> [Problem statement] Pictures must not appear in your answer. Write out exactly the lines from the one with "Address side" through the last line of the entries below.

-=-=-

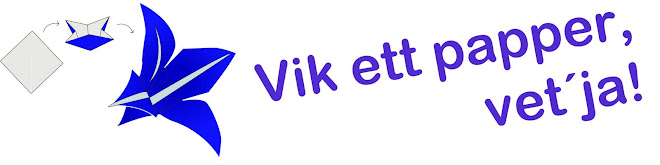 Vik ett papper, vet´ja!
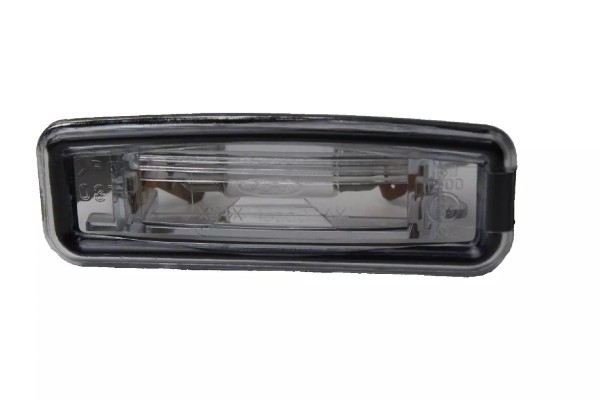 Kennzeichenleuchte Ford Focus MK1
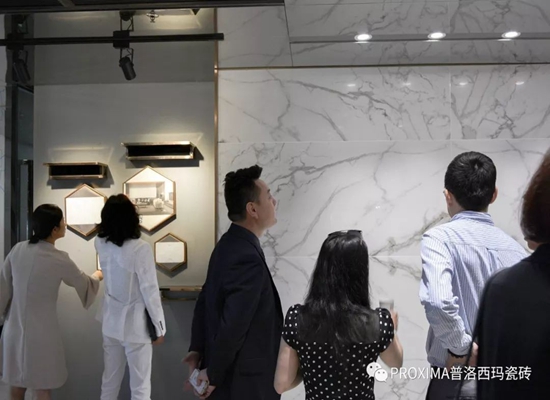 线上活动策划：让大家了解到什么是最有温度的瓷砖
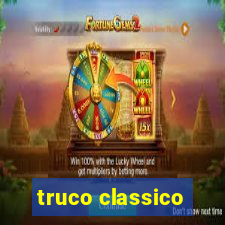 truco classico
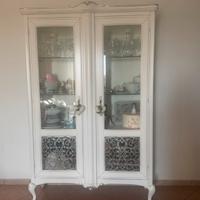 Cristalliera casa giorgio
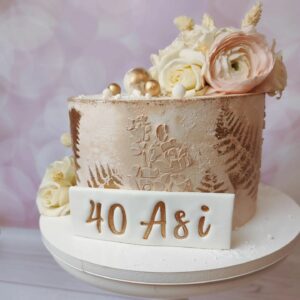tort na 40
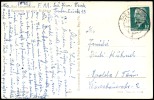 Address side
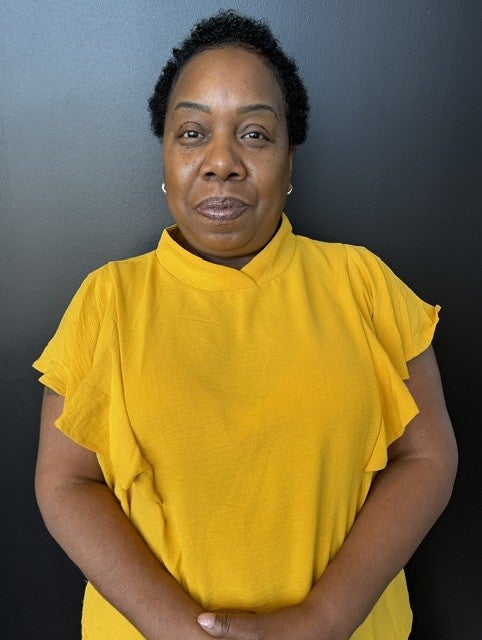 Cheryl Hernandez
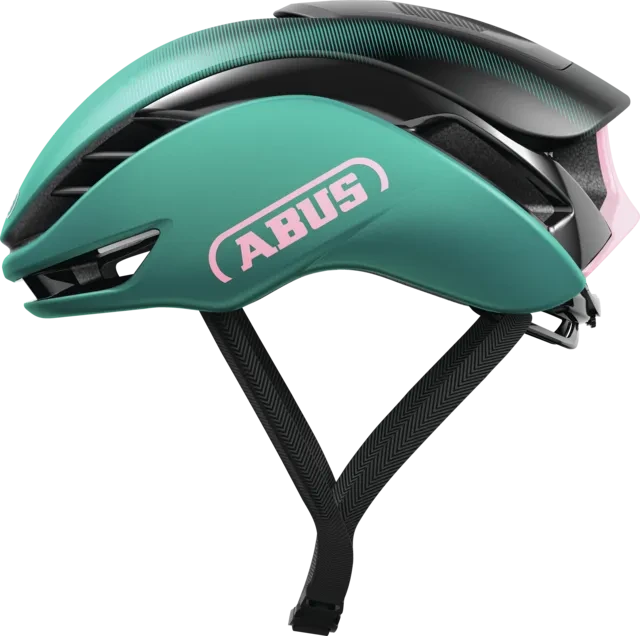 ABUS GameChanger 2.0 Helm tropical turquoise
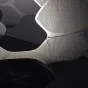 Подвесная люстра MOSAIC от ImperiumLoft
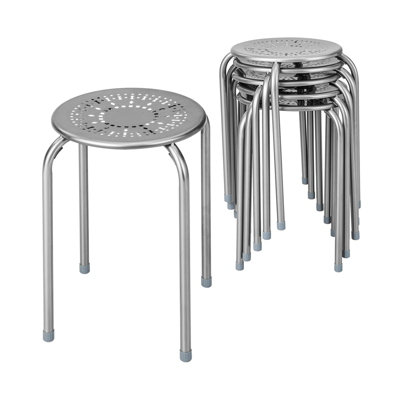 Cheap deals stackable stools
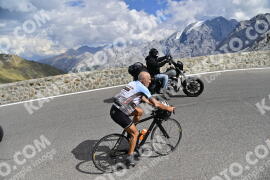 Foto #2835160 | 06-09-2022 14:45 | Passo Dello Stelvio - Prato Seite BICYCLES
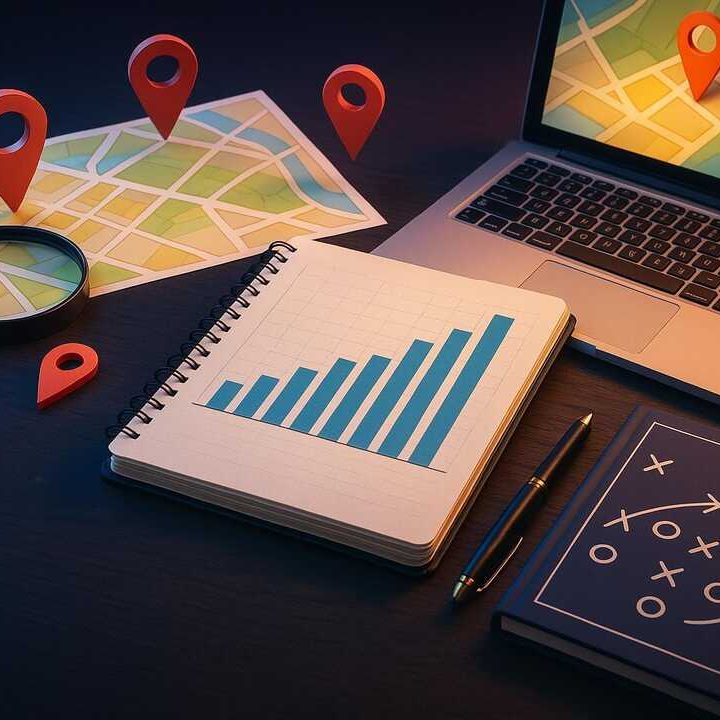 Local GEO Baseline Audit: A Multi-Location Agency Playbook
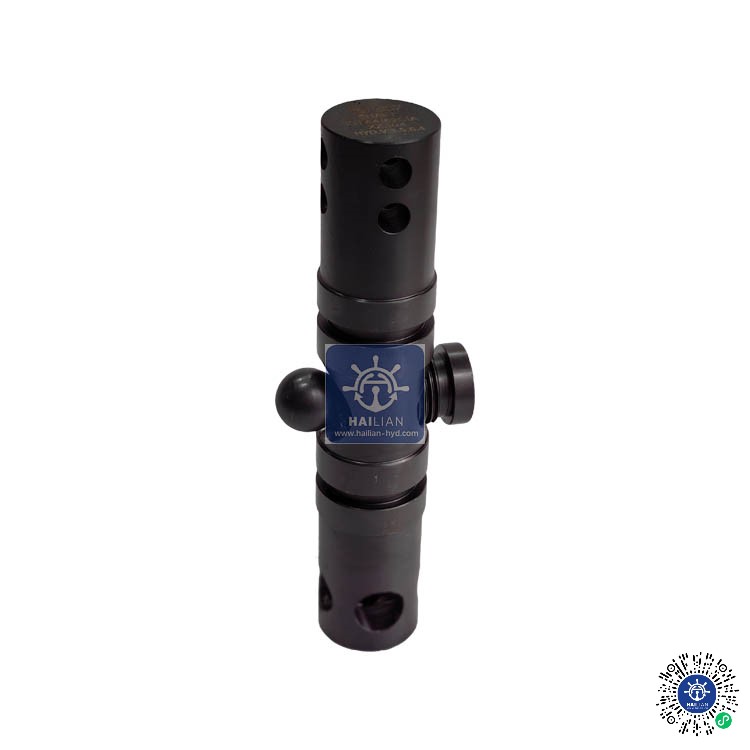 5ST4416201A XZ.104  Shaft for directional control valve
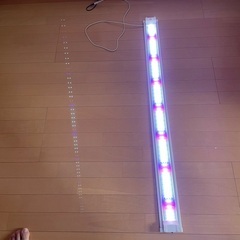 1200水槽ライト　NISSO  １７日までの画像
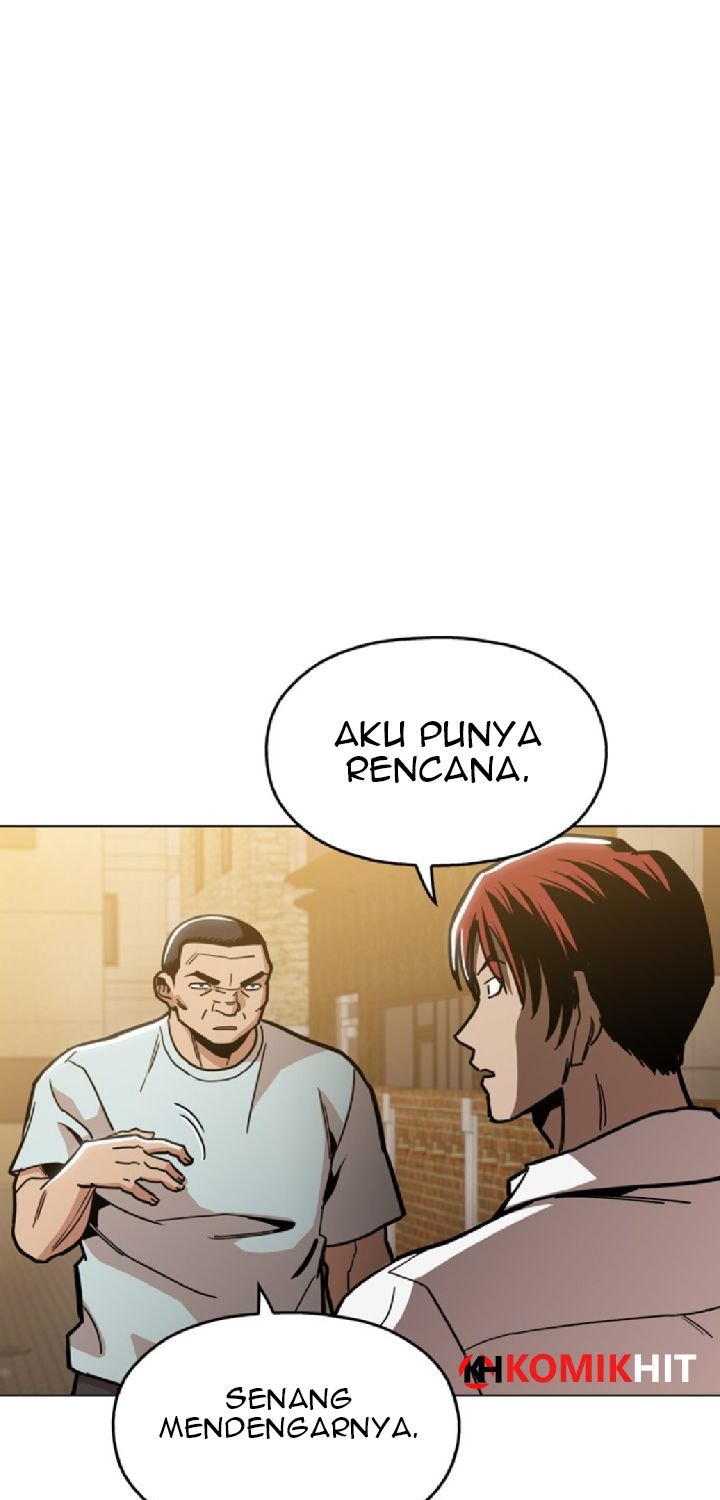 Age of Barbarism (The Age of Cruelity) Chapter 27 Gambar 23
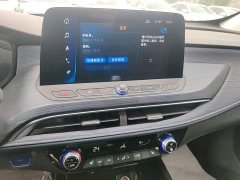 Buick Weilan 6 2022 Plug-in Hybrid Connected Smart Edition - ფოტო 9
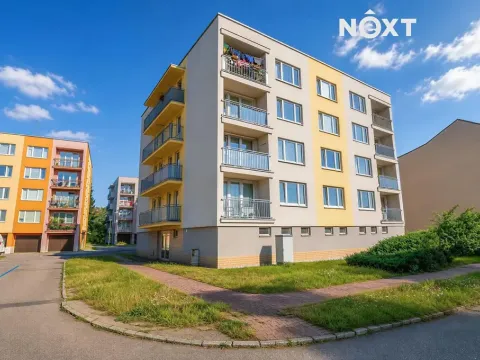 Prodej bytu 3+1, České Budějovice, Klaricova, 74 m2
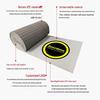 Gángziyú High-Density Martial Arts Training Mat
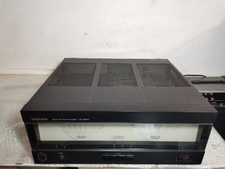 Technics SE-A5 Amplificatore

-=-=-

> [Task answer]
 Address side
 Cheryl Hernandez
 ABUS GameChanger 2.0 Helm tropical turquoise
 Подвесная люстра MOSAIC от ImperiumLoft
 Cheap deals stackable stools
 Foto #2835160 | 06-09-2022 14:45 | Passo Dello Stelvio - Prato Seite BICYCLES
 Local GEO Baseline Audit: A Multi-Location Agency Playbook
 5ST4416201A XZ.104  Shaft for directional control valve
 1200水槽ライト　NISSO  １７日までの画像
 Age of Barbarism (The Age of Cruelity) Chapter 27 Gambar 23
 Buick Weilan 6 2022 Plug-in Hybrid Connected Smart Edition - ფოტო 9
 Prodej bytu 3+1, České Budějovice, Klaricova, 74 m2
 Gángziyú High-Density Martial Arts Training Mat
 Technics SE-A5 Amplificatore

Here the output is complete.